◆ Records for processing:
——

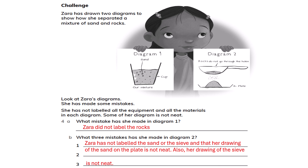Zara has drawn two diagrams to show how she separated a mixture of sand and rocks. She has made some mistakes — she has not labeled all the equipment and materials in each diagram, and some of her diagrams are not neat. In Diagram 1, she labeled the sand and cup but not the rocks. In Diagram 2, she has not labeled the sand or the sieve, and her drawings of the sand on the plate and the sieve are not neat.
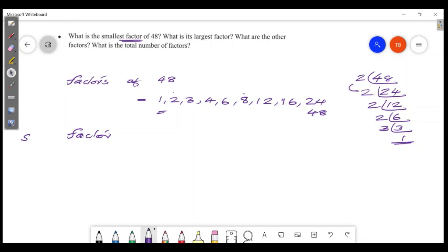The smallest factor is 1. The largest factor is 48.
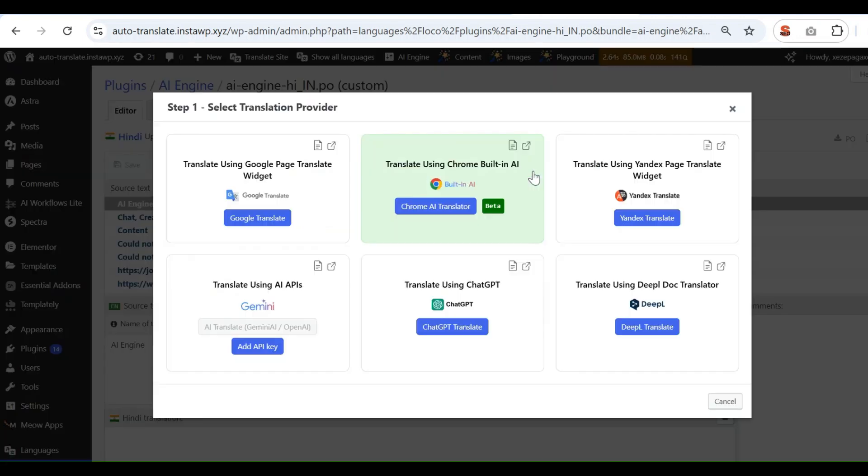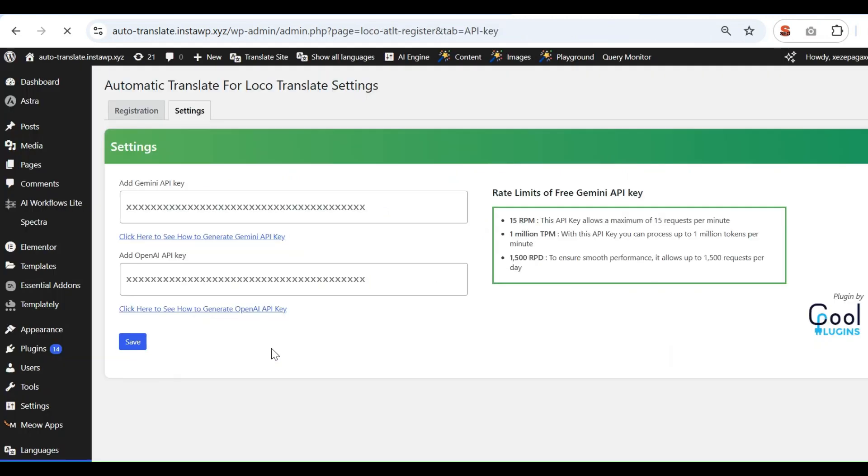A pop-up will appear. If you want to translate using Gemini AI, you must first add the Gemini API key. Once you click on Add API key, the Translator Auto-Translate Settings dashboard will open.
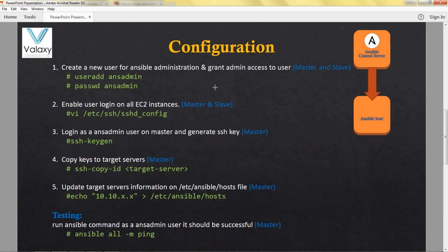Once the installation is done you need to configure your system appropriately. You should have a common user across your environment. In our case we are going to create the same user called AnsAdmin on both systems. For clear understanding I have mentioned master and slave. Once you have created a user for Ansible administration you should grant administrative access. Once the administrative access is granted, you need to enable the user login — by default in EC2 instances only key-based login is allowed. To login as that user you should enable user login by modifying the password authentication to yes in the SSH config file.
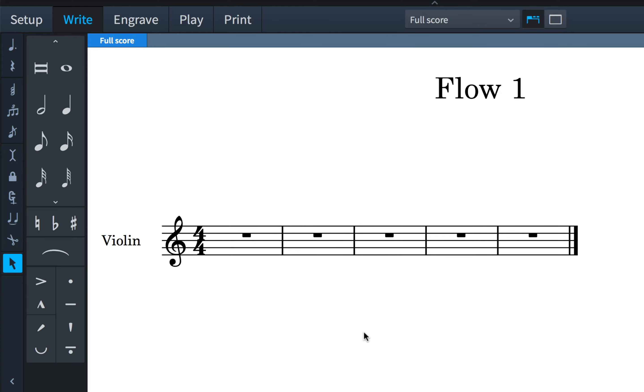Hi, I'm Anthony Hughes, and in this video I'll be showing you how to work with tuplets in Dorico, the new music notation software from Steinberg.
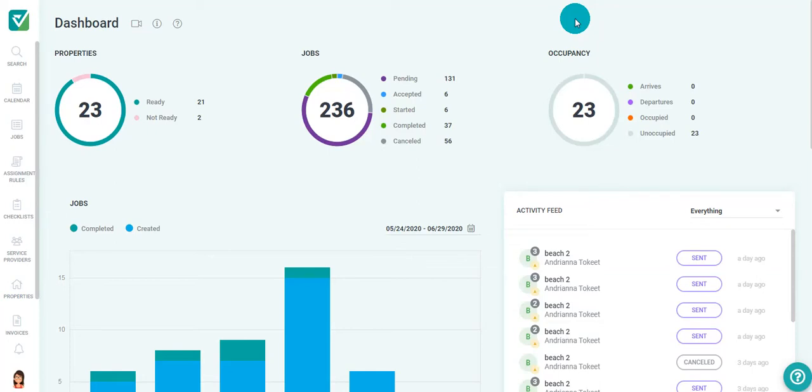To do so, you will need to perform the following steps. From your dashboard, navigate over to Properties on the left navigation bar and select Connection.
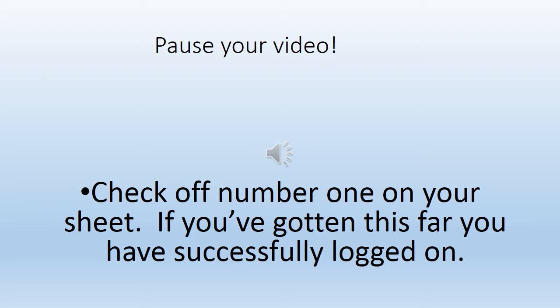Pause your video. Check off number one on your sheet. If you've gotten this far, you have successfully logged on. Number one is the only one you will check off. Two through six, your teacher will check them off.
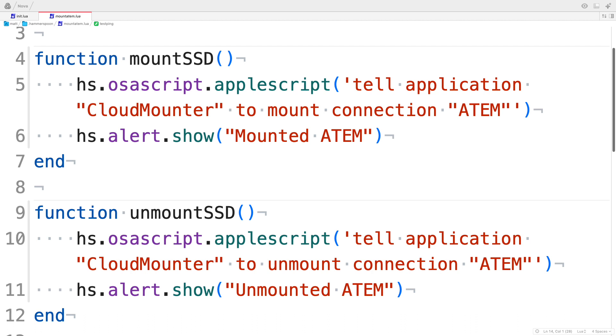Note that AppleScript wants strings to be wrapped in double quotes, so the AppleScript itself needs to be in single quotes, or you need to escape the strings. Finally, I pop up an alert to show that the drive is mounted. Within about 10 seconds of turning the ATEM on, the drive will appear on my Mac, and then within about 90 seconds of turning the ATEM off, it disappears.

——

◆ Task prompt: Pictures are to be left out; otherwise, retype exactly the lines from the first line of the data through the line containing "The smallest factor".

◆ Problem solution:
Zara has drawn two diagrams to show how she separated a mixture of sand and rocks. She has made some mistakes — she has not labeled all the equipment and materials in each diagram, and some of her diagrams are not neat. In Diagram 1, she labeled the sand and cup but not the rocks. In Diagram 2, she has not labeled the sand or the sieve, and her drawings of the sand on the plate and the sieve are not neat.
The smallest factor is 1. The largest factor is 48.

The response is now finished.